Ne gibi üzücü ve kıran kırana olaylarla birlikte karşılıklı suçlamalara tanık olacağımızı şu anda kestirmek mümkün değil.

★★★

Her şeyden önce Recep Bey’in durumu ne olacak?..

Anayasa uyarınca bir kişi, sadece iki kez cumhurbaşkanı olabilir.

Bizim Recep Bey ilk iki sırasını savdı!

Şimdi üçüncü kez seçilmeye soyunuyor.

Partisi açıkça gerekçeler üretip konuşuyor:

“İlki sayılmaz, o zaman bu hüküm yoktu. Şimdi ikinci kez aday olacak!”

Peki bu durumda ne olacak?

Adaylığını açıkça ilan edecek ve seçime girecek.

Bu durumda itirazlar nereye yapılacak?

İktidara sorarsanız Yüksek Seçim Kuruluna.

Bizim iktidarımız (İmamoğlu olayında olduğu gibi şimdiye kadar verdiği kararlara bakarak) bu YSK’ya her nedense çok aşırı güveniyor!

★★★

Bu günlerde bir konu sizin de mutlaka dikkatinizi çekmiştir...

Türkiye’de süregelen tartışmaların odağında hep cumhurbaşkanı seçimi var.

Bu cumhurbaşkanlığı konusu gerçekten çok önemli.

Türkiye Cumhuriyeti bir ‘tek adama’ emanet edildi. “Şahsım” her şeyi sarayından yönetiyor.

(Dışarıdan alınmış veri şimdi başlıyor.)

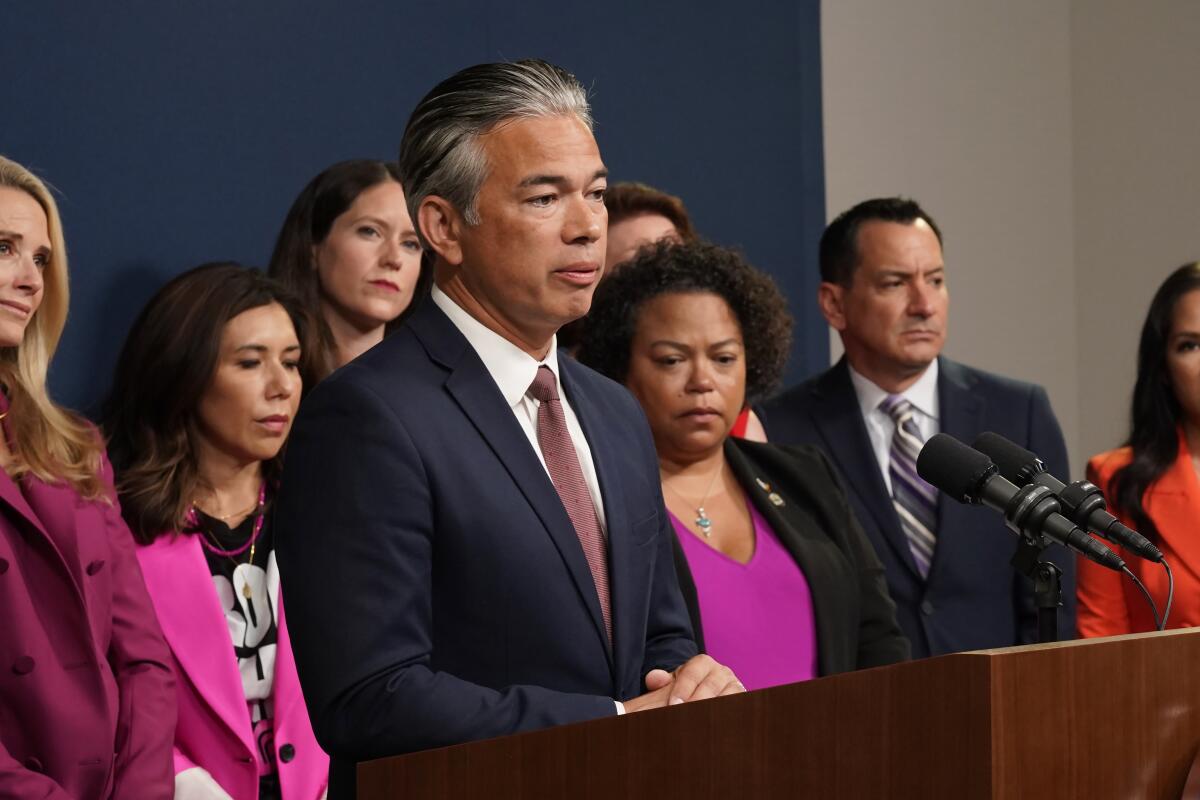 A man in a suit stands at a lectern with several women and one man behind him.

O ne derse, ne yaparsa, 84 milyon insanımızın boynu kıldan ince!

Meclis’in işlevi kalmadı.

Ortada göstermelik, sadece kelle hesabıyla çalışan bir Meclis var.

Türkiye ise cumhurbaşkanlığı kararnameleriyle yönetiliyor.

★★★

Şimdi memleket gündemine baktığımızda bu duruma hemen her adımda tanık olmaktayız.

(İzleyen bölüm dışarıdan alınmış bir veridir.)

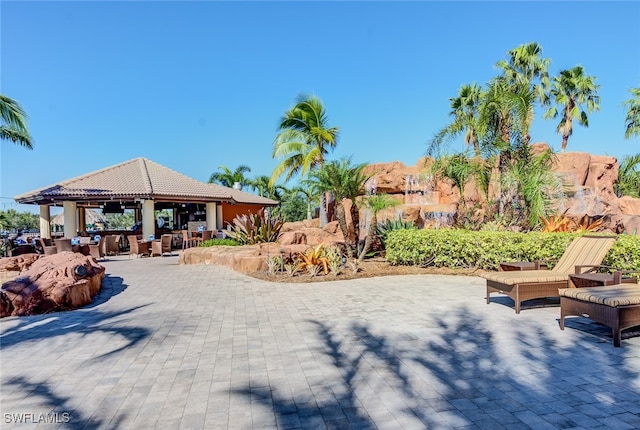 view of property's community featuring a gazebo and a patio area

2023 haziran ayında sanki bir tek seçim olacakmış gibi herkes cumhurbaşkanlığı seçimine odaklanmış durumda.

Gerçi önümüzde daha epeyce zaman var ama, şu anda Meclis seçimleri adeta ikinci planda kalmış gibi görünüyor.

Bu anlayış yanlış...

Oysa muhalefet Meclis çoğunluğunu ele geçirmeyi başardığı takdirde saray efsanesi anında çöker...

Recep Tayyip Cumhurbaşkanlığını kazansa bile böyle bir durumda kolu kanadı budanmış, gagası kesilmiş topal ördek durumuna düşer.

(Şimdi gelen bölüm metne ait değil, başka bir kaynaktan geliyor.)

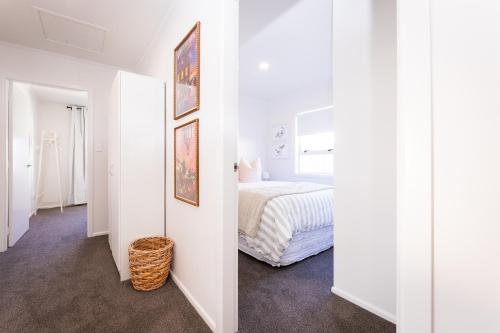 a bedroom with white walls and a bed in a room at Under the Oak in Greytown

İşte o zaman, Recep Tayyip ve bugünkü iktidar açısından her şey sona ermiş olur.

Kalsın bakalım sarayında ekibiyle baş başa, neyi ve hangi yetkisini kullanacak da memleketi tek başına yönetecekmiş görelim!

Aslında bu gerçeği dünya liderimiz de iyi bildiği ve başına gelecekleri yeterince algıladığı için böylesine direniyor...

Çünkü başka çaresi yok.

★★★

Burada gerek muhalefet partilerine ve gerekse bizlere düşen görev, her iki seçime de hak ettiği önemi vermek...

Ve Meclis seçimini gündemden asla düşürmemektir.

Sadece Cumhurbaşkanlığı seçimine odaklanıp ötekinin üzerinde fazla durmamak bizi yanlış yollara sevk eder, zararını bütün Türkiye çeker.

Aman dikkat edelim.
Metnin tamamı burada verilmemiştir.